Wilmar Roldán no puede saltar. Mueve su 1,90 metro en las catacumbas de un estadio que, si algo no le ofrece, son comodidades. El árbitro y sus asistentes realizan el calentamiento en un pasillo de dos metros de ancho y cincuenta de largo. Pero el techo es tan bajo que, si el colombiano atina a elevarse un poco, su cabeza le dará a un foco de luz. La escena es lúgubre y de comedia: mientras la terna arbitral elonga y trota, en ese mismo espacio los guardias de seguridad del presidente de la Nación van y vienen. Por allí tienen que pasar las tres personalidades más importantes de la tarde. Solo falta saber cuándo andarán por allí Lionel Messi, Marcelo Tinelli, Evo Morales.
De pronto, más corridas. Los asistentes de la selección argentina quieren subir al cuarto piso a ver qué tan cómodo puede estar allí el negado por la FIFA, que aguarda en el vestuario. Pero el ascensor tarda, y entonces hay que subir por la escalera desafiando los efectos de la altura. Se mezclan con los guardias de Evo que bloquean uno de los dos ascensores porque Evo ya viene. Faltan cinco minutos para que empiece el partido apenas. Pero Messi, el más buscado, no aparecerá: es que arriba, dicen los que ya bajaron, no hay manera de ubicarlo en un lugar sin que se le abalancen algunos de los miles de bolivianos que pagaron la entrada para verlo a él.
Su lugar, definitivamente, será el vestuario. Messi verá el partido por televisión junto a Tinelli y Jorge Miadosqui,el secretario de selecciones de la AFA. Es curioso: el que siempre protagoniza no terminará ni siquiera siendo testigo presencial de la derrota de sus compañeros.
El equipo de comunicación del presidente no se rinde. En el pasillo en el que siguen esperando a Evo, uno de los guardias confunde a un periodista argentino con un asistente del capitán argentino y le dice al oído: “Dile a Messi que ya puede subir, se sentará al lado de Evo”. Se va corriendo, sin esperar que le respondan que no, que gracias, pero que el destinatario de esas palabras no era el mensajero indicado.

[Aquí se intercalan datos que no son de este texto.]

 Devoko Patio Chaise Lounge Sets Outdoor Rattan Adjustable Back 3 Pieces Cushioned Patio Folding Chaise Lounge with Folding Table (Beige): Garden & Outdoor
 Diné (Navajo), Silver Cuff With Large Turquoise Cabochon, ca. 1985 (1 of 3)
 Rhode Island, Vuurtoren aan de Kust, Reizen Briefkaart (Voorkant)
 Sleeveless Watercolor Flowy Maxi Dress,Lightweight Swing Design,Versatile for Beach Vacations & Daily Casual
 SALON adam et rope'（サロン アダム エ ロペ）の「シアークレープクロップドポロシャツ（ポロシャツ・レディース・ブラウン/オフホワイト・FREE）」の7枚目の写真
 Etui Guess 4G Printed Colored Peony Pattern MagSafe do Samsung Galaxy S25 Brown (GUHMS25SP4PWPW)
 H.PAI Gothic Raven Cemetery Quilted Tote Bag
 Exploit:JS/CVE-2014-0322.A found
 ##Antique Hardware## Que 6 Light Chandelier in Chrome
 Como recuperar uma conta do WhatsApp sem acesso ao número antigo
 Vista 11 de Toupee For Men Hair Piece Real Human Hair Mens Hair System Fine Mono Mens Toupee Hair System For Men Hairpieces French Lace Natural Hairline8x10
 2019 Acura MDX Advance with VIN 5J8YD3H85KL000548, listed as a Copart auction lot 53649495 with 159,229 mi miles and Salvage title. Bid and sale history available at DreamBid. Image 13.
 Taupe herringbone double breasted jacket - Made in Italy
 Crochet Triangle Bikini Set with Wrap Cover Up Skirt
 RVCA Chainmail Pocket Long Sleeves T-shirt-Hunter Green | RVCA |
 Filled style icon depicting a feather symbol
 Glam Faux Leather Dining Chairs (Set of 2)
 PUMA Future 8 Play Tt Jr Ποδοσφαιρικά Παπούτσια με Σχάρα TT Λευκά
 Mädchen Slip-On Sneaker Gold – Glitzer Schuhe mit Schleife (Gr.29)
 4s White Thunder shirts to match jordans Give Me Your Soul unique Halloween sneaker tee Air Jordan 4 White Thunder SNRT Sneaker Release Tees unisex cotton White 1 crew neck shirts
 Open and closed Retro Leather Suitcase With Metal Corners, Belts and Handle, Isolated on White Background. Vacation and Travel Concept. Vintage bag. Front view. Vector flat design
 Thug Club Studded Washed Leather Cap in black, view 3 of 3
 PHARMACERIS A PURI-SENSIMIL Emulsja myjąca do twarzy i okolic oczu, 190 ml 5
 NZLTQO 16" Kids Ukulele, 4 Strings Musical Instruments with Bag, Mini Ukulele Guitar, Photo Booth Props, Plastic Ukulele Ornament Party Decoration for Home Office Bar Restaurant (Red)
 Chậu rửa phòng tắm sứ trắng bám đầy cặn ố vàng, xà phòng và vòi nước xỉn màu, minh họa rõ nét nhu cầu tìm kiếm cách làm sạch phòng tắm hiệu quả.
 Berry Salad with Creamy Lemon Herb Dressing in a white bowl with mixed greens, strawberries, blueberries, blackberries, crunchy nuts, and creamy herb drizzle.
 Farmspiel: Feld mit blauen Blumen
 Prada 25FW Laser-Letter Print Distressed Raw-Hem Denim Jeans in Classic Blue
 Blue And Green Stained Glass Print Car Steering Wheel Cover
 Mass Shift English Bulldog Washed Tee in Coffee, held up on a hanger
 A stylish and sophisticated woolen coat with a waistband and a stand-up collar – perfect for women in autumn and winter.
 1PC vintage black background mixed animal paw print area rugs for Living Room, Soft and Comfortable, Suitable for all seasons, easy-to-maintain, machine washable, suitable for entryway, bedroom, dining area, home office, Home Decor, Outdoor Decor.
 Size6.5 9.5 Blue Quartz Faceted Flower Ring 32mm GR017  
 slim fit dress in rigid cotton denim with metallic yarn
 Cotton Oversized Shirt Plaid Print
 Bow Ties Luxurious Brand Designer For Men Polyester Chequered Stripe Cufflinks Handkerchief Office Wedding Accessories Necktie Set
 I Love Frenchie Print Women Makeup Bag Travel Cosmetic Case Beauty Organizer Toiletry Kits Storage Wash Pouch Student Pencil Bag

Ajeno a esas idas y vueltas, Evo Morales aparece como una tromba rodeado de diez personas y se sube al ascensor, con el partido ya empezado. Arriba, en el palco oficial, esperará vanamente por Messi. Gritará moderadamente los dos goles de Bolivia, claro, pero esta vez no tendrá la foto que se sacó hace cuatro años junto al 10, al que hasta le puso un poncho típico.
La próxima vez que Messi sea visto será a las 18.54 del atardecer paceño. Saldrá caminando con su valijita de tiro, una bolsa blanca en la mano y la seriedad habitual. La boca, esa que abrió con ganas contra un árbitro brasileño cinco días atrás, permanecerá cerrada. Levantará la mano una vez a los privilegiados hinchas que se acercaron a las vallas para contentarse con esa caminata de treinta segundos.
La paradoja está servida: el más buscado de esta tarde que ahora es fiesta en las calles se irá casi sin que lo vean, cargando en su espalda el peso de un día negro y una derrota que le pertenece por omisión. A ocho kilómetros del lugar lo espera un avión privado. Y más allá, Barcelona y algo de paz.